Già dal titolo si capisce che siamo in un’altra stagione, rispetto a quella sulfurea inaugurata dal ‘68 e proseguita per gran parte degli anni Settanta con i cantautori “impegnati”. Una donna per amico lo dice forte e chiaro: qui si parlerà del cosiddetto privato, visto in quegli anni come contrapposto – o, al limite, complementare – al politico. Si parlerà di sentimenti, cosa che per la verità Lucio Battisti aveva sempre fatto. Ma come se ne parlerà, anzi, canterà? In maniera nuova. Al centro c’è un uomo, quello che fa colazione nella copertina dell’album, seduto con una bionda in cappotto e pantaloni al tavolo esterno di un caffè londinese. E quest’uomo, cosa ci sta dicendo? Che ha per amico (non amica, forse perché all’epoca la definizione poteva suonare ancora un po’ ambigua) una donna, appunto, una che “tante volte impara e a volte insegna”. Non una donna da sedurre, o da lasciare, o da onorare come madre e moglie, secondo la migliore tradizione italica. Solo una donna con cui avere un rapporto alla pari, di amicizia, a dispetto di quel che dirà Billy Crystal in Harry ti presento Sally (“è impossibile, ci si mette sempre di mezzo il sesso”).
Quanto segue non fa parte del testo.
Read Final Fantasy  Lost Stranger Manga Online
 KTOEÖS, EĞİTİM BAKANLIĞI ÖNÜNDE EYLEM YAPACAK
Siamo con entrambe i piedi nella modernità. Il terreno è stato preparato da ciò che è avvenuto negli anni precedenti: il femminismo, le minigonne, la pillola, il divorzio. Ma siamo anche oltre a questo. 

Inciso nel Regno Unito (al Manor Castle), pubblicato nell’ottobre del 1978, questo disco è la giusta raccolta di canzoni uscita nel momento giusto. La musica è perfetta: siamo in pieno boom della disco music, ma a volte si fa più riflessiva, impreziosita da inserti di sax e tastiere (anche di mostri sacri come Mel Collins). Le perle si sprecano. Pensiamo a Nessun dolore, in cui l’uomo abbandonato si permette il lusso di non soffrire. A Prendila così, la fine malinconica ma senza tragedie di una storia perché lei è sposata, e non se la sente di continuare. Ad Aver paura di innamorarsi troppo, un titolo che è già un manifesto. O a Perché no, in cui la sintonia di coppia si nasconde sorniona fra le pieghe del quotidiano. 

Mogol al suo meglio. Pochi e perdonabili i momenti deboli, forse solo Selvaggia donna, ma è un giudizio molto personale. 

Ah, lo scatto di copertina è di Brian Ward, a cui si deve l’immortale cover dello Ziggy Stardust di Bowie.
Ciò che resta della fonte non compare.